[Directions]:
The data below is to be written out exactly, with no pictures.

[Data excerpt]:
= = =
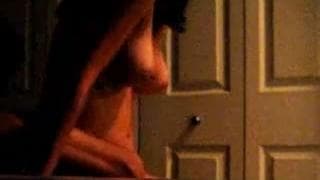 Она скачет на члене от удовольствия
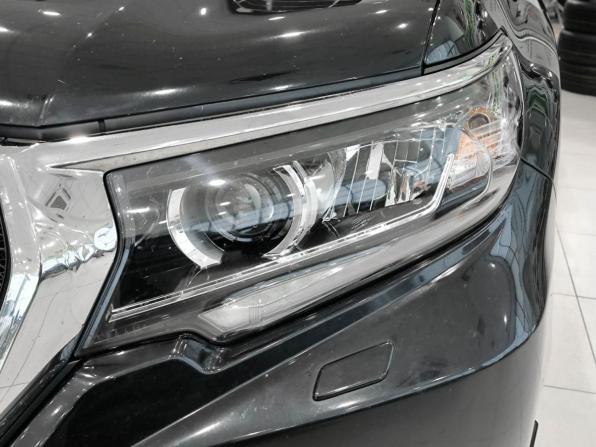 Toyota Land Cruiser Prado 150 Series Рестайлинг 2 с пробегом 2019 года, цена 3 750 000 рублей, 334578 км, внедорожник, Автокод Объявления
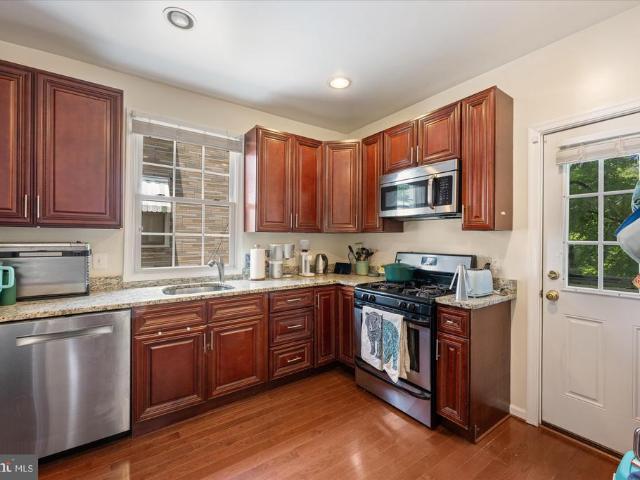 House for sale in Mount Rainier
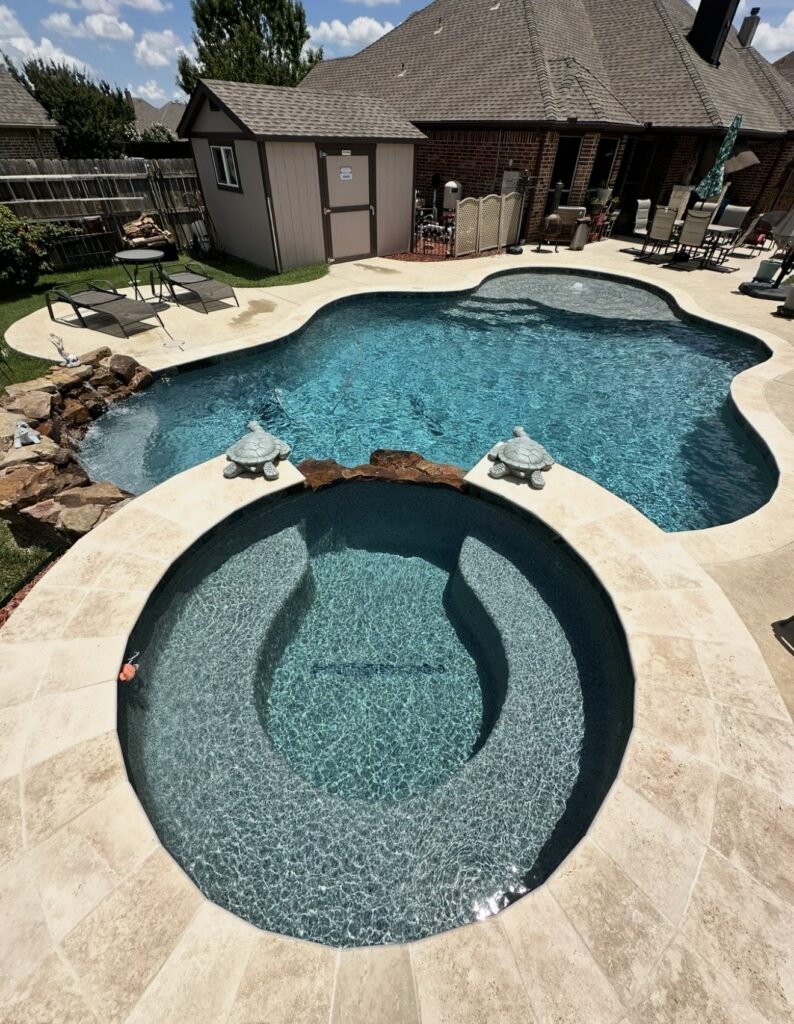 Clean residential swimming pool with built in water feature in the DFW area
= = =
[Output for this task]:
 Она скачет на члене от удовольствия
 Toyota Land Cruiser Prado 150 Series Рестайлинг 2 с пробегом 2019 года, цена 3 750 000 рублей, 334578 км, внедорожник, Автокод Объявления
 House for sale in Mount Rainier
 Clean residential swimming pool with built in water feature in the DFW area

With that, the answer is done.